» Data records:
##########
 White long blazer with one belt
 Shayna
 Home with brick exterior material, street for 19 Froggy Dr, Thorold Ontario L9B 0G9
##########
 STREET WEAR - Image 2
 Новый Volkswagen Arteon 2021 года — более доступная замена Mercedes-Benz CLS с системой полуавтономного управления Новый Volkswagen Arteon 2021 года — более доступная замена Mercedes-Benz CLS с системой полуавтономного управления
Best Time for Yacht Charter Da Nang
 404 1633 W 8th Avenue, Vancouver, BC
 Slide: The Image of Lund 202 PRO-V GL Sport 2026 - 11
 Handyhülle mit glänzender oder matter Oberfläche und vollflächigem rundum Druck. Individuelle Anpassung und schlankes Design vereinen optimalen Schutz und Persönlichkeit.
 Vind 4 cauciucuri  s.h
##########
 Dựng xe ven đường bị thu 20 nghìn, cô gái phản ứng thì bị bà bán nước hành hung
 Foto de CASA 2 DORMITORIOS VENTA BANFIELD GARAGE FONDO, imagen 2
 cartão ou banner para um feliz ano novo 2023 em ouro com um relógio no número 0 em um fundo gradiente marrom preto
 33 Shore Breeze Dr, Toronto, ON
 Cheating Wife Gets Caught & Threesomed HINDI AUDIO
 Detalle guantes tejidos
##########
» Your objective:
Which lines of the records above contain the word "with"? Copy each of them.

» Exercise output:
 White long blazer with one belt
 Home with brick exterior material, street for 19 Froggy Dr, Thorold Ontario L9B 0G9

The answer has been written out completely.